This is not a history lesson, but you may appreciate a little introductory on the background of the term Peranakan.

Chinese maritime exploration and its diaspora can be traced back to as early as the 10th century CE, long before Vasco de Gama and the first Portugese explorers paved the way to global multiculturalism and imperialism. During the Tang dynasty between 618 to 907 AD many Chinese left their southeastern provinces, according to historians, and sailed along the coast of China to reach then Siam, the Malay Peninsula, the Indonesian islands and the Philippines.

Legend has it that in the 15th century when the Malacca sultanate reigned the two kingdoms sealed their diplomatic relations with a strategic marriage between the Sultan Mansur Shah and the Chinese princess Hang Li Po. Think royal strategic alliances. Its the kind of stuff that can make a tantalising Netflix series (why isn’t anyone doing it by the way?). The princess Hang Li Po was apparently accompanied by 500 ‘youth and maidens of noble birth’.

In the 18th century, the English occupied Penang and established a trading post in Singapore. Malacca had by then been taken by the Dutch. These two colonial powers signed a treaty dividing the region between them as one does, I suppose, because of geographical conveniences. To sum it up, the English took control of Penang, Singapore and Malacca - bastions of free trade - which then became known as the Straits Settlements. These ports continued to attract Chinese settlers from the region and also from China.

The Peranakan story is traced back to all these early adventurers who arrived and settled in the archipelago up till the 19th century. They married the local Malays, adopted their language and while keeping their customs and traditions, really developed an identity much different to their ancestors’ in China.

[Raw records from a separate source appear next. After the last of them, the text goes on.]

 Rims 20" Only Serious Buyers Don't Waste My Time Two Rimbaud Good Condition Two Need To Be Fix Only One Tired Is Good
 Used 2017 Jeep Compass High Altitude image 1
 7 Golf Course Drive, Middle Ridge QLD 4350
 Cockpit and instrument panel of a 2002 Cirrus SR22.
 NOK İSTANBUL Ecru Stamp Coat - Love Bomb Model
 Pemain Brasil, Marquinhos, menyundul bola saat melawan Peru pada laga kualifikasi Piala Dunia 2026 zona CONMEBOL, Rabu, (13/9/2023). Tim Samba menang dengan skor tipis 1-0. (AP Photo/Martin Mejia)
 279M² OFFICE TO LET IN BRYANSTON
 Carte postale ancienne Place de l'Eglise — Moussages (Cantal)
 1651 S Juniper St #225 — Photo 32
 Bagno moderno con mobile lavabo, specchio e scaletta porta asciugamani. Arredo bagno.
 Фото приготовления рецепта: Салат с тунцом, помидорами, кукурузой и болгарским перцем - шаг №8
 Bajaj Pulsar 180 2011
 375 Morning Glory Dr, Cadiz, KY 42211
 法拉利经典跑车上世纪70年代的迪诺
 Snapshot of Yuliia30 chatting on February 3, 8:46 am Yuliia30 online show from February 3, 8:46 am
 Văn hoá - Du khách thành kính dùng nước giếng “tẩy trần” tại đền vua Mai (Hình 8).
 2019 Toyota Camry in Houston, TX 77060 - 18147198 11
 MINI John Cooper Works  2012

The term ‘peranakan’ refers to the local-born descendants of these early migrants. Straits-Chinese-born men were known as Babas and the women Nonyas (note: variation in spelling depending on region, otherwise spelt as Nyonyas). The Nyonya was easily identified by her dress and jewellery and her dedication to the fine art of bead embroidery.

But most of all, the Nyonya was known for her culinary prowess. Peranakan cuisine is the original fusion food if you like. Nyonya cuisine is as diverse as the Straits Settlements. It is a marriage of many flavours and can trace its influences to the local Malays, settlers from neighbouring Siam, Indian migrants and also to the Portuguese, Dutch and English colonial rulers. Peranakan or Nyonya cuisine is neither distinctly Malay nor Thai, Indian nor English. And it is certainly not Chinese. So many layers of flavours, tastes, textures come together in a really unique cuisine unlike any other.

So where am I in all this? To cut the long story short (certainly not what the Netflix series people would tell you to do), my great great grandmother was a Nyonya. My mother (you can see her in her Nyonya attire in the photo below) learnt all the tricks from her grandmother. Her paternal grandfather however, was Hakka and so she has some tricks up the Hakka lane as well.

Today Nyonya cuisine has become somewhat inaccessible, because of its reputation for being-labour intensive and complex. It is little known outside of South East Asia. Peranakan or Nyonya restaurants are few and far in between, even in Malaysia or Singapore. But it is a cuisine that continues to amaze and delight for all its wondrous flavours, aromas, textures.